▶ PROBLEM: Reproduce the entries below exactly, but only from the line containing "We have also" to the line containing "Lay out a 6x6", inclusive.

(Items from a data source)
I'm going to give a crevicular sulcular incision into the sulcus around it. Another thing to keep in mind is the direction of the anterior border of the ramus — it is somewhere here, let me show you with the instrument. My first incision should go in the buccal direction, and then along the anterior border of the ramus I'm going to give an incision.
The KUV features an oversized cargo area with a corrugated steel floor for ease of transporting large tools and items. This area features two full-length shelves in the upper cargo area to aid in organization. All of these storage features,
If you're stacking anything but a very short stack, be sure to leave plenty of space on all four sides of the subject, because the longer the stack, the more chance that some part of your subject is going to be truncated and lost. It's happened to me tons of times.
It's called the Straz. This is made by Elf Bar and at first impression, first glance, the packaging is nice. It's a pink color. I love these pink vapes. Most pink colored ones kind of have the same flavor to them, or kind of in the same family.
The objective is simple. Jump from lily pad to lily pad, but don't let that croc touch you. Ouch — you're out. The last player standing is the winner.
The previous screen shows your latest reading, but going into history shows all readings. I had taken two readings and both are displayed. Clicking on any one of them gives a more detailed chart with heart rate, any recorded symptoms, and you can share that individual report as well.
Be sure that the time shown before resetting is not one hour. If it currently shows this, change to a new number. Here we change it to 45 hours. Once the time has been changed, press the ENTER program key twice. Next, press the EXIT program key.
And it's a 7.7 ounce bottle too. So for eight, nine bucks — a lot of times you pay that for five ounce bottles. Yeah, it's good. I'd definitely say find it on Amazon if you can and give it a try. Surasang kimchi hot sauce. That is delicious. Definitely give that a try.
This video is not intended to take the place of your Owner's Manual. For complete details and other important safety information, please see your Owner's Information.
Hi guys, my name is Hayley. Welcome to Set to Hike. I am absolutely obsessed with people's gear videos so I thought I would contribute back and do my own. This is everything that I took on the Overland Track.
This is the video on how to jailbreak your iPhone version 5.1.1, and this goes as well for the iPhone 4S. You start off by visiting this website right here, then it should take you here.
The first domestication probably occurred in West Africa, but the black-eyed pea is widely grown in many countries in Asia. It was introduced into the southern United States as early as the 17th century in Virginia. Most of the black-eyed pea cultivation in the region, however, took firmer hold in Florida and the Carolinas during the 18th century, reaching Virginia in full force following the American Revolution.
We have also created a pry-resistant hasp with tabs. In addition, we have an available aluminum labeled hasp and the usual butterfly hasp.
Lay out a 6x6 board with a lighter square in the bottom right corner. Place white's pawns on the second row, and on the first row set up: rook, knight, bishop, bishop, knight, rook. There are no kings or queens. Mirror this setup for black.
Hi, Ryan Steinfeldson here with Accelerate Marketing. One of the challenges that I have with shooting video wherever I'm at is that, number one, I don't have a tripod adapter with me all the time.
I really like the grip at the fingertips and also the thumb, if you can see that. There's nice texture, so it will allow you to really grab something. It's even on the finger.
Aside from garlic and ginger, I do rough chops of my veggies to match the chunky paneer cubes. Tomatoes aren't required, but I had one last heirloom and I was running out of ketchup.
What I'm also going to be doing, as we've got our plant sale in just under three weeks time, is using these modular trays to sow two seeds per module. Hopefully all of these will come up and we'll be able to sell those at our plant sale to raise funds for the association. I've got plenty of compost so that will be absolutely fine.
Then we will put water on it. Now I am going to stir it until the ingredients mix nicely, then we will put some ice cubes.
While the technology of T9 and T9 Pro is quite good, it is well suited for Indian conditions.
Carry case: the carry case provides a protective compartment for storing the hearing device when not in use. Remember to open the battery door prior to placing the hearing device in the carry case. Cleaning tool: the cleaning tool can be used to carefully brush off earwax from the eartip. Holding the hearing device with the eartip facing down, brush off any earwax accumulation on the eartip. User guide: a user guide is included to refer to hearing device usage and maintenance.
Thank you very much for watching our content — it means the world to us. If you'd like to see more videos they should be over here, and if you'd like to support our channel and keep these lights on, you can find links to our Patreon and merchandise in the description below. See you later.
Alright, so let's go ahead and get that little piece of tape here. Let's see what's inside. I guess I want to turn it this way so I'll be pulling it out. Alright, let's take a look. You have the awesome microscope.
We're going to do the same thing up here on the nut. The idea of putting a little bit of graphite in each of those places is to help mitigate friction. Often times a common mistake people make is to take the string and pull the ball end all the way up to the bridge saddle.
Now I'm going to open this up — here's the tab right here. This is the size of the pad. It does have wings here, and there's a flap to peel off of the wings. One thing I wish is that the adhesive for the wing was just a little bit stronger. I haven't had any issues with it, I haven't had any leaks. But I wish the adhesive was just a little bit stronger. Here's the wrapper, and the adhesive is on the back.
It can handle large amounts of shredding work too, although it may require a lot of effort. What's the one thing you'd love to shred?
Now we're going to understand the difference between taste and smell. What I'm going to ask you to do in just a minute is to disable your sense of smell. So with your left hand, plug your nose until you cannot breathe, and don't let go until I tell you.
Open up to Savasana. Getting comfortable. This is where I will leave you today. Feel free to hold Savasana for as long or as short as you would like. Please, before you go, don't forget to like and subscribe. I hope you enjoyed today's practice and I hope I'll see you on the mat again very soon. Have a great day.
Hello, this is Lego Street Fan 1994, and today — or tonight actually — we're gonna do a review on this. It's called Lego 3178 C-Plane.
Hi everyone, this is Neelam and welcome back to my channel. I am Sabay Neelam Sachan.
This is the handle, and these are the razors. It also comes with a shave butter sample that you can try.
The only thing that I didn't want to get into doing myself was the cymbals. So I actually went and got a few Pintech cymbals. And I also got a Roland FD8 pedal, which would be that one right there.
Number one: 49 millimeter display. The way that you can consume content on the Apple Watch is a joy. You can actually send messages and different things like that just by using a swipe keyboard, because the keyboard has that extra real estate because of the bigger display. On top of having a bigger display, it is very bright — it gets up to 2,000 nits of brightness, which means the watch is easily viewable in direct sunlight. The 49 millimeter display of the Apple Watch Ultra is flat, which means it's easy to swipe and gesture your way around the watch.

▶ RESPONSE TO THIS TASK:
We have also created a pry-resistant hasp with tabs. In addition, we have an available aluminum labeled hasp and the usual butterfly hasp.
Lay out a 6x6 board with a lighter square in the bottom right corner. Place white's pawns on the second row, and on the first row set up: rook, knight, bishop, bishop, knight, rook. There are no kings or queens. Mirror this setup for black.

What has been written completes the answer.